### EXERCISE INSTRUCTIONS
Leave every image out, and print the remaining lines below exactly.

(Collected data entries)
-- -- --
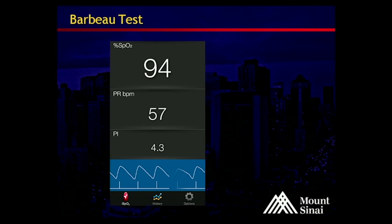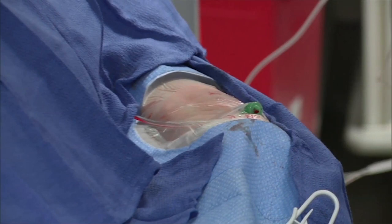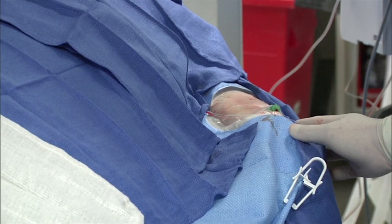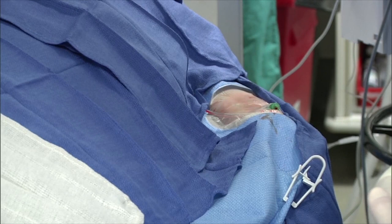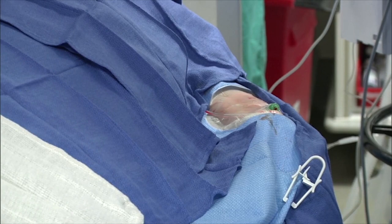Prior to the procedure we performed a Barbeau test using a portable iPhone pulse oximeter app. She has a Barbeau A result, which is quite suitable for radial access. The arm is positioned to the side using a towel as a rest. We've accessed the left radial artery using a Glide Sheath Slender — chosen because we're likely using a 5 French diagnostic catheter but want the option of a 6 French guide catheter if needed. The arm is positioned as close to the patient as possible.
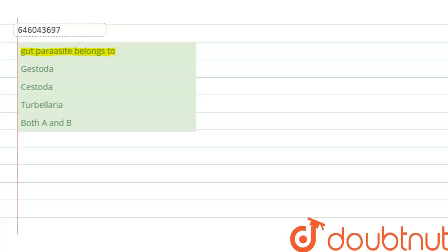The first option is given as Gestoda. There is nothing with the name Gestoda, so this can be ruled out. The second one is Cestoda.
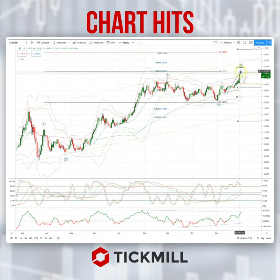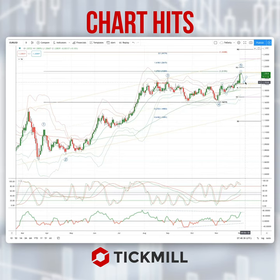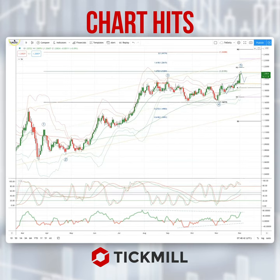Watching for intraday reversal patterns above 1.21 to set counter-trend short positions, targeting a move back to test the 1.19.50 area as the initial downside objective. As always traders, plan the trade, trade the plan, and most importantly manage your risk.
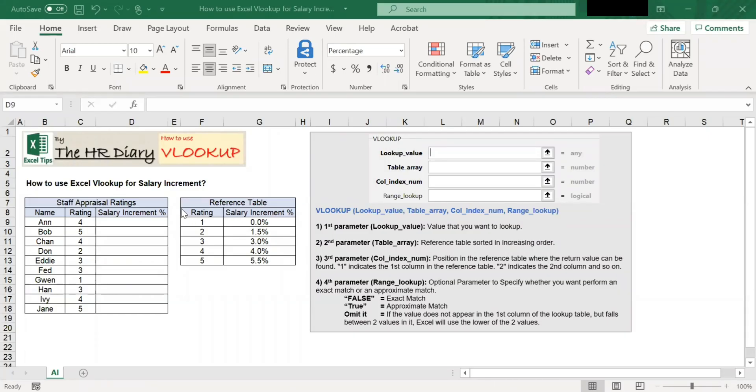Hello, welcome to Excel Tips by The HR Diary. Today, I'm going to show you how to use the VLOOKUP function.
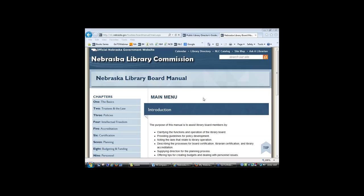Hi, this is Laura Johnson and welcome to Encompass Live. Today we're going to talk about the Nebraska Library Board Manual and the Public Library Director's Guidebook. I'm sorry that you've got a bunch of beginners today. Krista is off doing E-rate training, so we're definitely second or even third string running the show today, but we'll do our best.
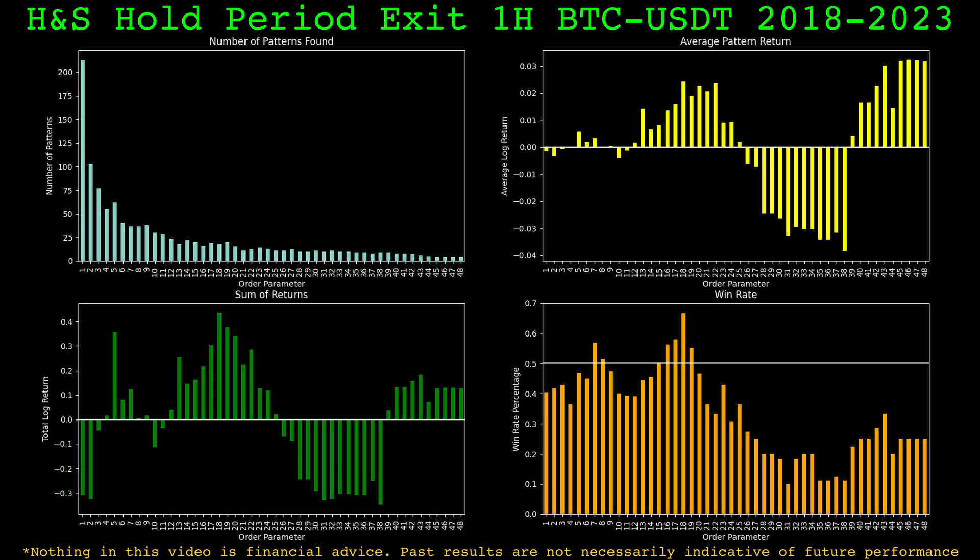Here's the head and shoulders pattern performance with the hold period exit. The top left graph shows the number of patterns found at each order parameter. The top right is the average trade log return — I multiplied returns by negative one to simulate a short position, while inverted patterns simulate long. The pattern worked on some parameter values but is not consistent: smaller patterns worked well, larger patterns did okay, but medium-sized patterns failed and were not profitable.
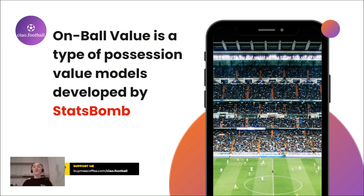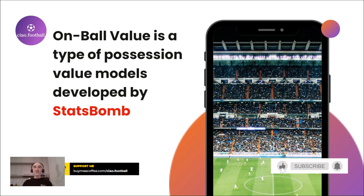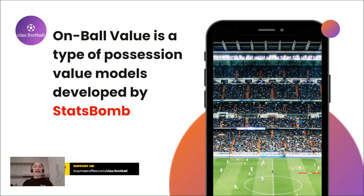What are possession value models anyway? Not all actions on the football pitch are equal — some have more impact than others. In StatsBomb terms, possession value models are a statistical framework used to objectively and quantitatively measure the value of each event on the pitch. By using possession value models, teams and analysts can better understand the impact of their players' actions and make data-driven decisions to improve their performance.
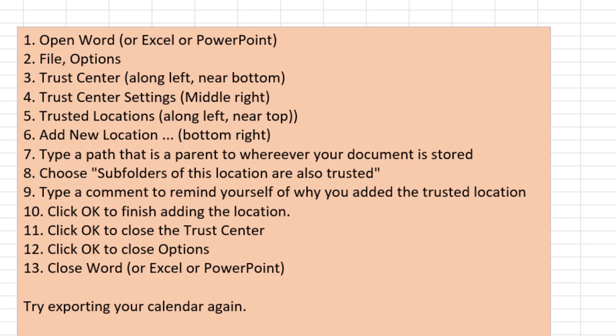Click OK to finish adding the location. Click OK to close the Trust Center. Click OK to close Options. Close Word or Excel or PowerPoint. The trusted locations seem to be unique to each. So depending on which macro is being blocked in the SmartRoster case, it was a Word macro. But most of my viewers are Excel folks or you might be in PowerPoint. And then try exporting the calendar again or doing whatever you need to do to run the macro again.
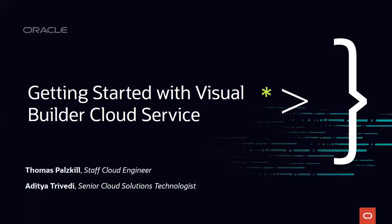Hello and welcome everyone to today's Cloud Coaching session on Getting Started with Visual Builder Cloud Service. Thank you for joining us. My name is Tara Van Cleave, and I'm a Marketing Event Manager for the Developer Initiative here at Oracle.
-- -- --
### RESPONSE
Prior to the procedure we performed a Barbeau test using a portable iPhone pulse oximeter app. She has a Barbeau A result, which is quite suitable for radial access. The arm is positioned to the side using a towel as a rest. We've accessed the left radial artery using a Glide Sheath Slender — chosen because we're likely using a 5 French diagnostic catheter but want the option of a 6 French guide catheter if needed. The arm is positioned as close to the patient as possible.
The first option is given as Gestoda. There is nothing with the name Gestoda, so this can be ruled out. The second one is Cestoda.
Watching for intraday reversal patterns above 1.21 to set counter-trend short positions, targeting a move back to test the 1.19.50 area as the initial downside objective. As always traders, plan the trade, trade the plan, and most importantly manage your risk.
Hello, welcome to Excel Tips by The HR Diary. Today, I'm going to show you how to use the VLOOKUP function.
Hi, this is Laura Johnson and welcome to Encompass Live. Today we're going to talk about the Nebraska Library Board Manual and the Public Library Director's Guidebook. I'm sorry that you've got a bunch of beginners today. Krista is off doing E-rate training, so we're definitely second or even third string running the show today, but we'll do our best.
Here's the head and shoulders pattern performance with the hold period exit. The top left graph shows the number of patterns found at each order parameter. The top right is the average trade log return — I multiplied returns by negative one to simulate a short position, while inverted patterns simulate long. The pattern worked on some parameter values but is not consistent: smaller patterns worked well, larger patterns did okay, but medium-sized patterns failed and were not profitable.
What are possession value models anyway? Not all actions on the football pitch are equal — some have more impact than others. In StatsBomb terms, possession value models are a statistical framework used to objectively and quantitatively measure the value of each event on the pitch. By using possession value models, teams and analysts can better understand the impact of their players' actions and make data-driven decisions to improve their performance.
Click OK to finish adding the location. Click OK to close the Trust Center. Click OK to close Options. Close Word or Excel or PowerPoint. The trusted locations seem to be unique to each. So depending on which macro is being blocked in the SmartRoster case, it was a Word macro. But most of my viewers are Excel folks or you might be in PowerPoint. And then try exporting the calendar again or doing whatever you need to do to run the macro again.
Hello and welcome everyone to today's Cloud Coaching session on Getting Started with Visual Builder Cloud Service. Thank you for joining us. My name is Tara Van Cleave, and I'm a Marketing Event Manager for the Developer Initiative here at Oracle.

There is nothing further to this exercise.